Captioned web images
----------

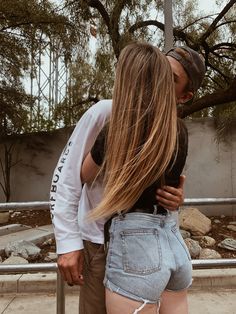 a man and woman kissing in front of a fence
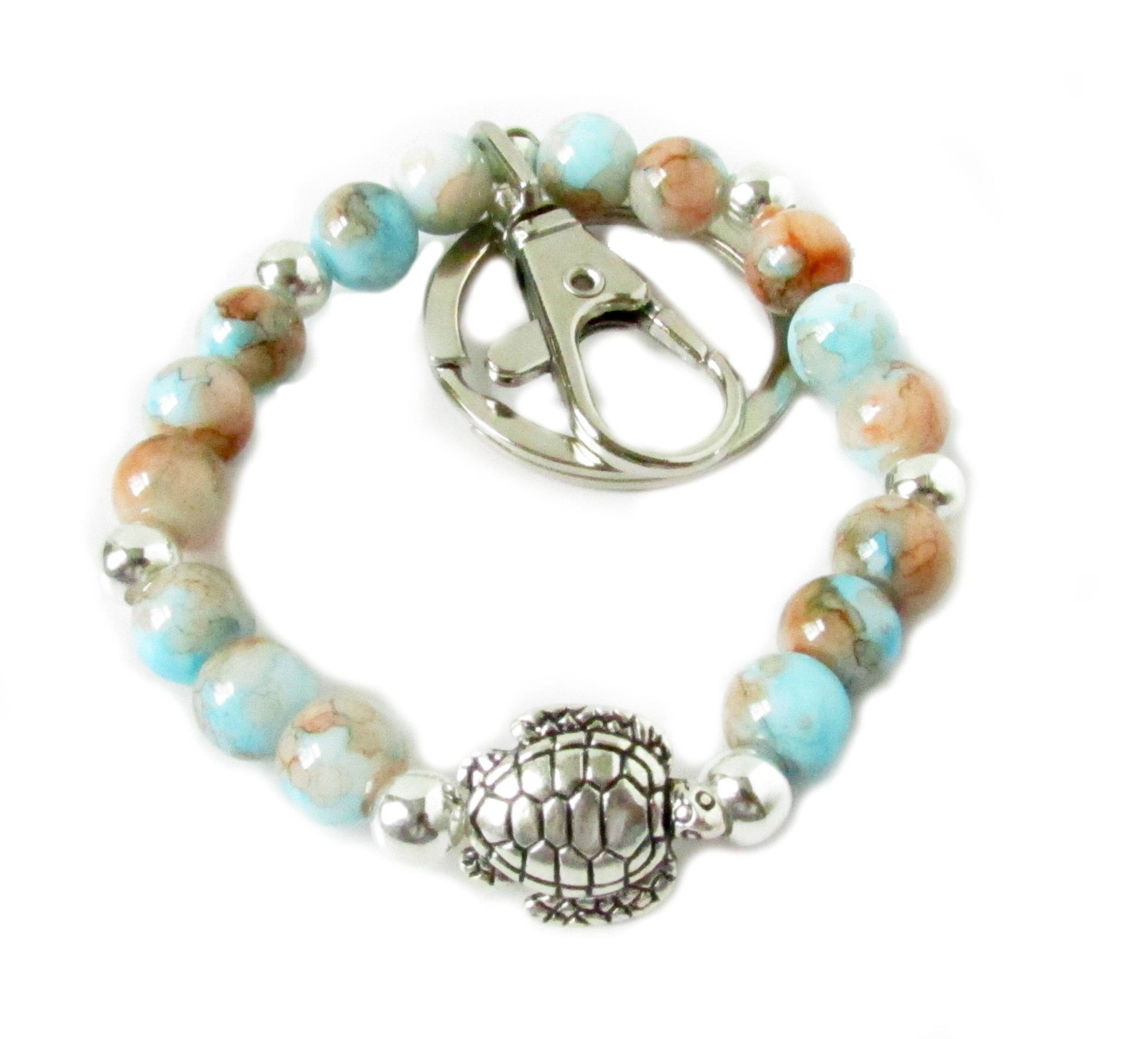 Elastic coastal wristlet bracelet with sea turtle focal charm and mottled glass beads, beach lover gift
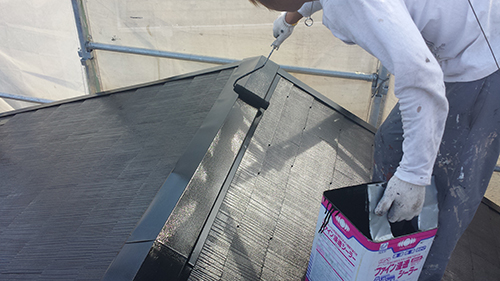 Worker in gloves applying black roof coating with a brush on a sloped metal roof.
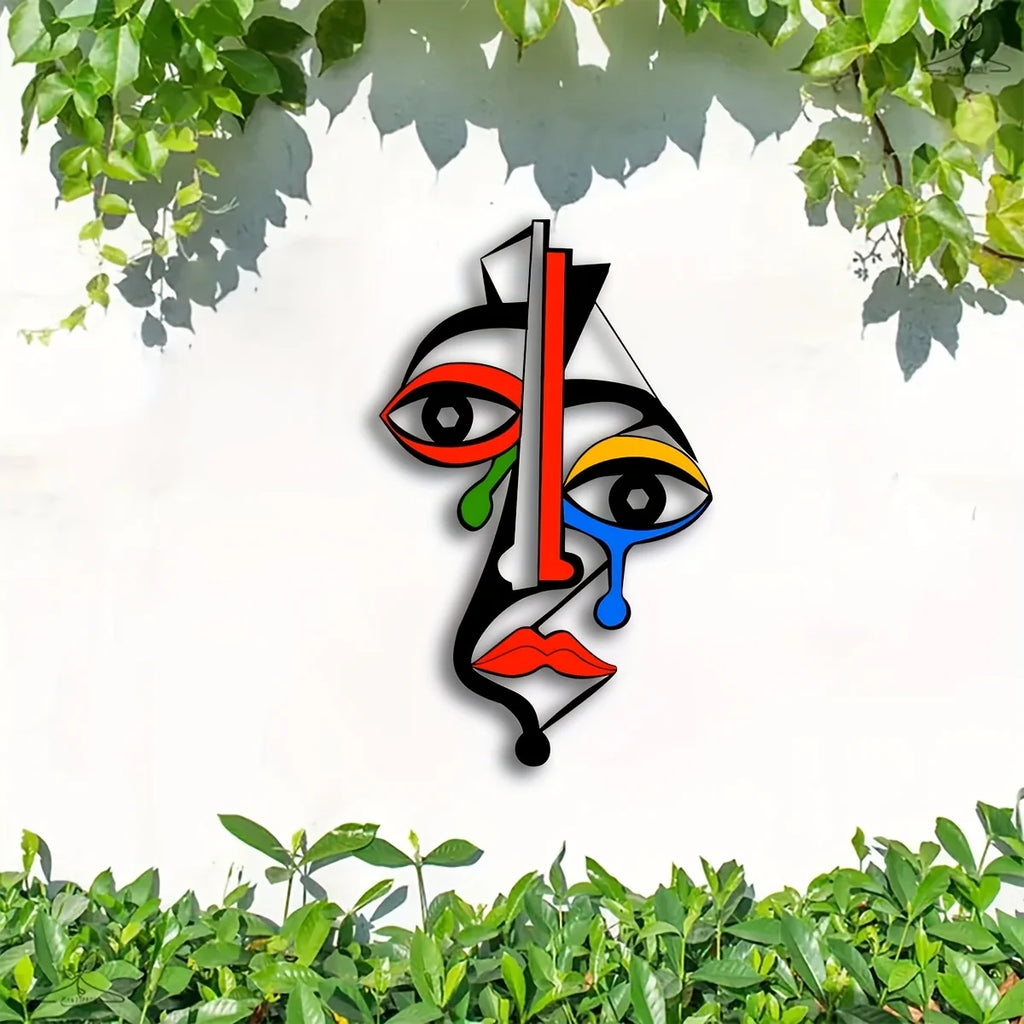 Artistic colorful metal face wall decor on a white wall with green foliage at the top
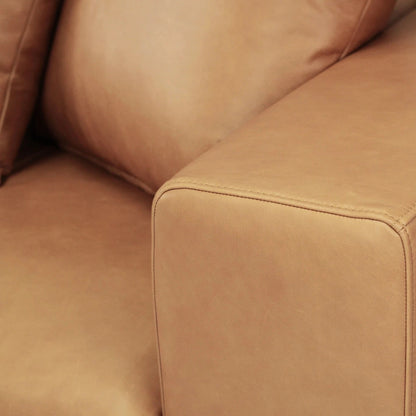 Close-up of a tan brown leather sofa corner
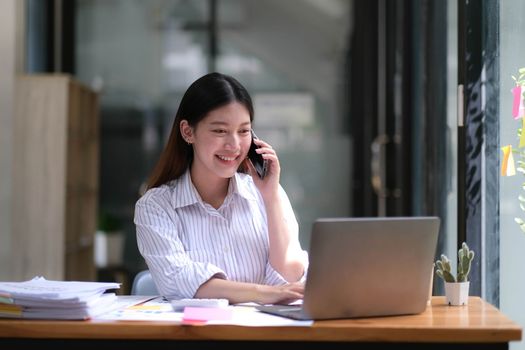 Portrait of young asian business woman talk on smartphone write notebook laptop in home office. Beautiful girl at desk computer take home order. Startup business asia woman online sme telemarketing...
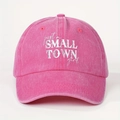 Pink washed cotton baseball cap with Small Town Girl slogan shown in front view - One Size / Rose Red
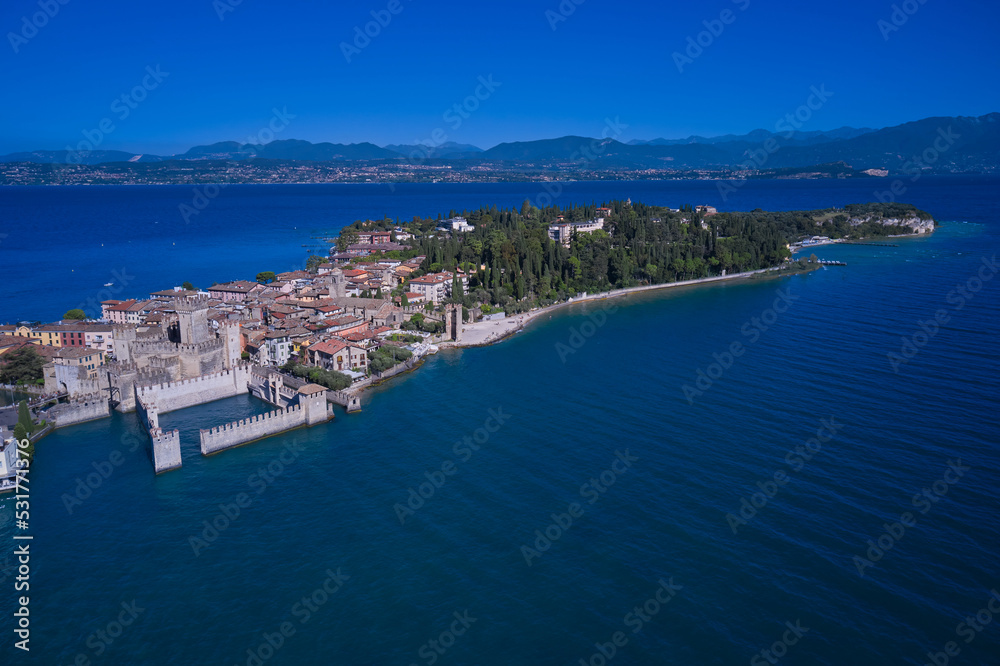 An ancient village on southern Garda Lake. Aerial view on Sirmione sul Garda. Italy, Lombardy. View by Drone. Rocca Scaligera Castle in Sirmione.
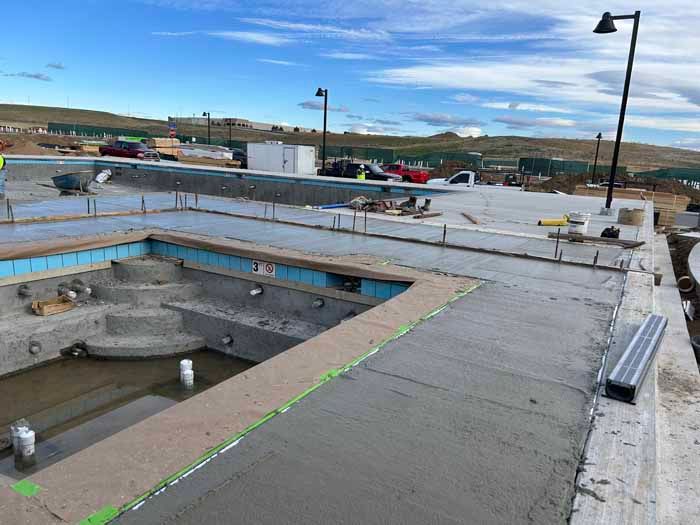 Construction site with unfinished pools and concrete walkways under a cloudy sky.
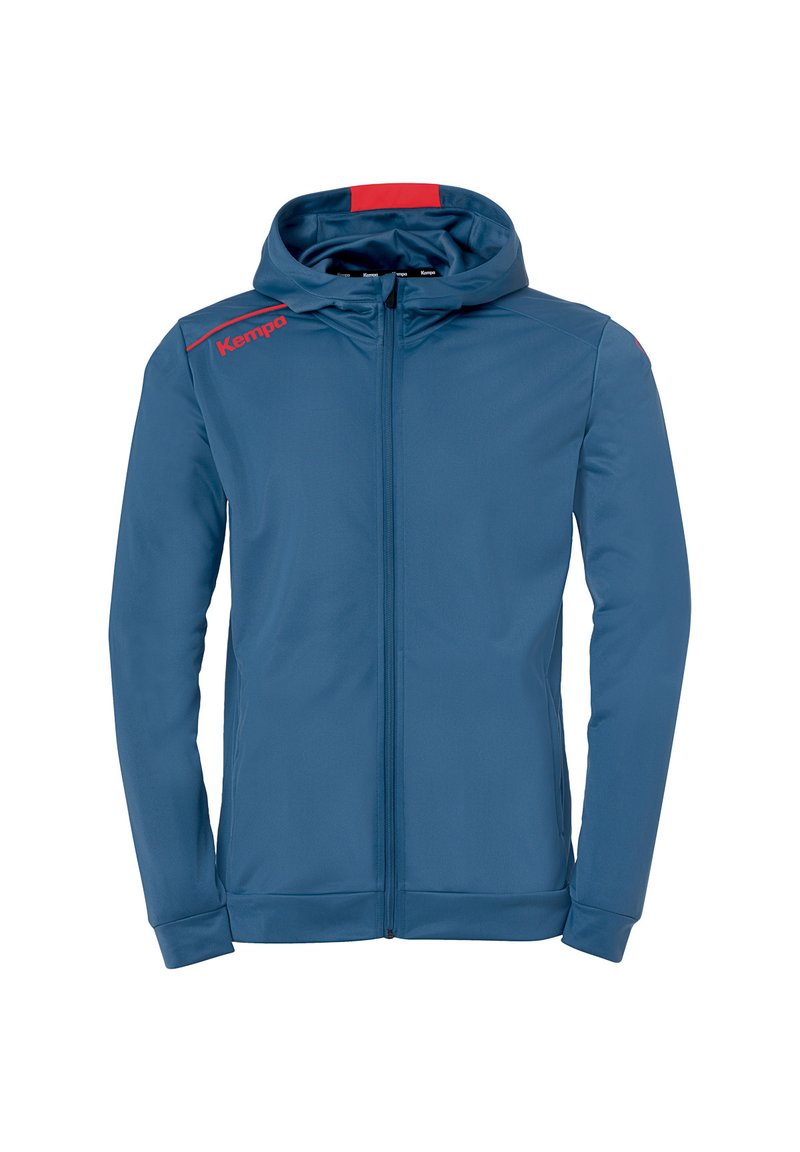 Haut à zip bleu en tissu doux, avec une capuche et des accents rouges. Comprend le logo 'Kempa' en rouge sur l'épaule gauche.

----------

All lines above are to be restated word for word, with pictures excluded.

 a man and woman kissing in front of a fence
 Elastic coastal wristlet bracelet with sea turtle focal charm and mottled glass beads, beach lover gift
 Worker in gloves applying black roof coating with a brush on a sloped metal roof.
 Artistic colorful metal face wall decor on a white wall with green foliage at the top
 Close-up of a tan brown leather sofa corner
 Portrait of young asian business woman talk on smartphone write notebook laptop in home office. Beautiful girl at desk computer take home order. Startup business asia woman online sme telemarketing...
 Pink washed cotton baseball cap with Small Town Girl slogan shown in front view - One Size / Rose Red
 An ancient village on southern Garda Lake. Aerial view on Sirmione sul Garda. Italy, Lombardy. View by Drone. Rocca Scaligera Castle in Sirmione.
 Construction site with unfinished pools and concrete walkways under a cloudy sky.
 Haut à zip bleu en tissu doux, avec une capuche et des accents rouges. Comprend le logo 'Kempa' en rouge sur l'épaule gauche.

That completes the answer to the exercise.